─── Task input
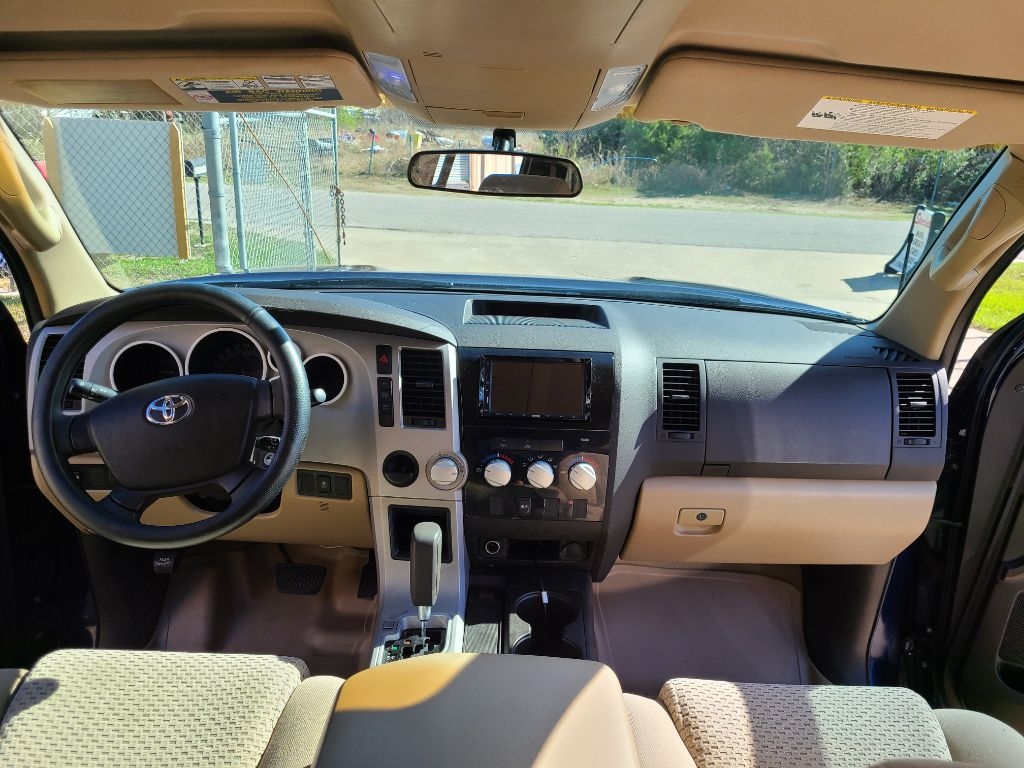 Toyota Tundra 2WD Double 145.7" 4.7L V8 SR5 (Natl 2007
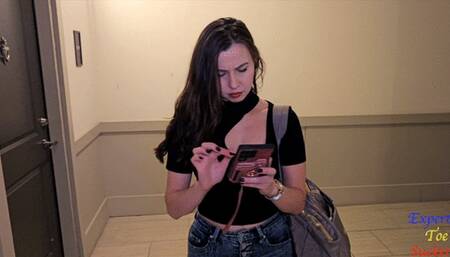 WORSHIP MY SWEATY FEET!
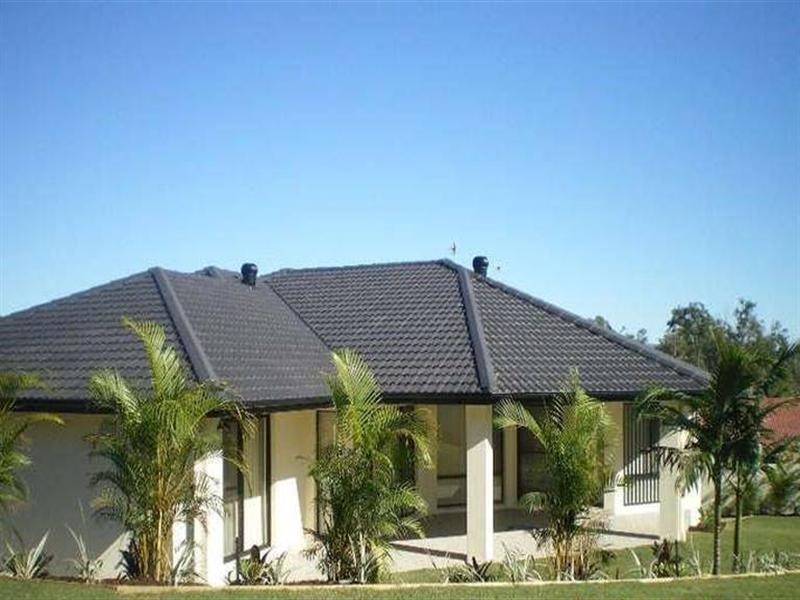 1 Selsey Court, Arundel QLD 4214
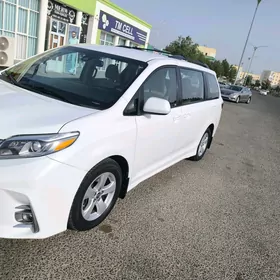 Toyota Sienna 2018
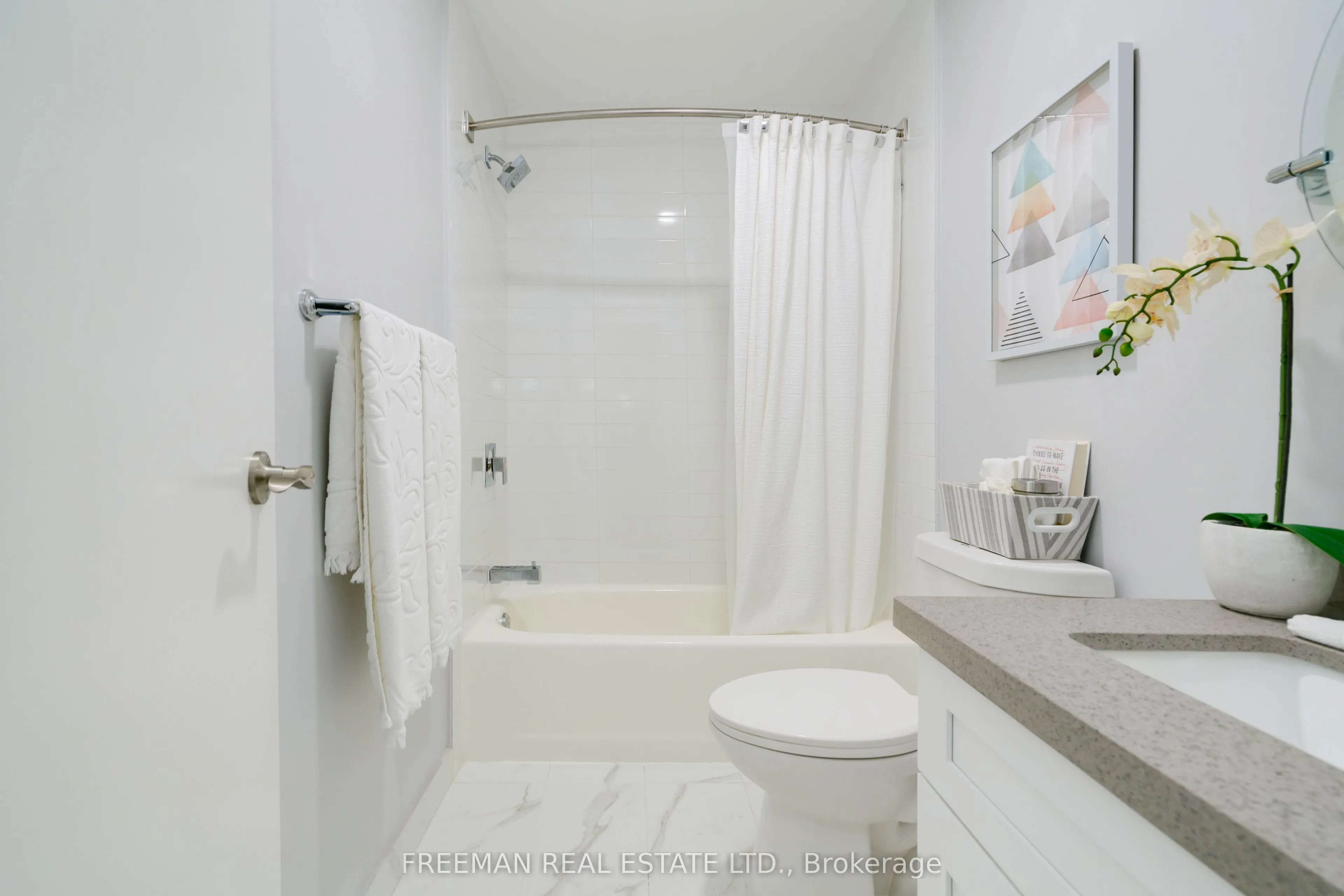 214 Wellesley Street #304
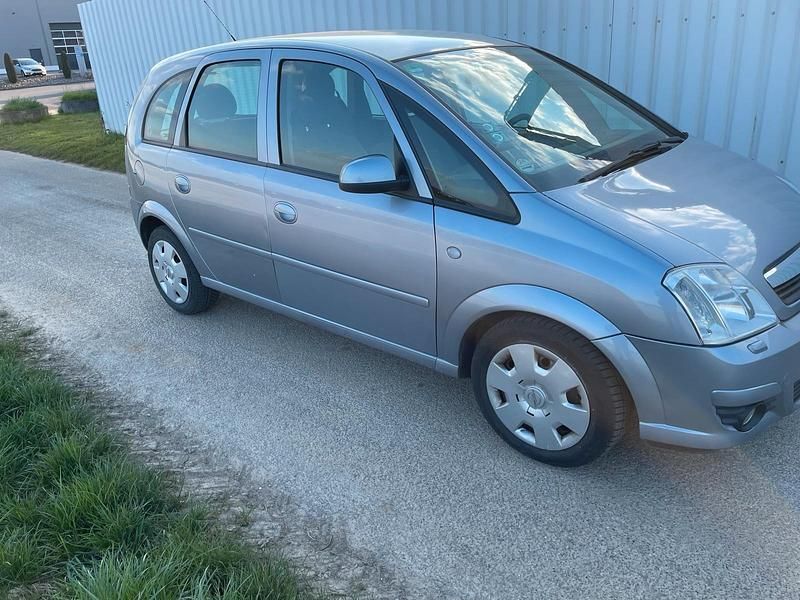 Gebraucht Opel Meriva Edition 105 PS (77 kW) 2006 Rot Van / Kleinbus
──────
* _Task to complete_
Could the lines from the one with "1 Selsey Court, Arundel QLD 4214" through the last line of the material above be written out exactly, both included, with pictures left out?

* _Output of the task_
 1 Selsey Court, Arundel QLD 4214
 Toyota Sienna 2018
 214 Wellesley Street #304
 Gebraucht Opel Meriva Edition 105 PS (77 kW) 2006 Rot Van / Kleinbus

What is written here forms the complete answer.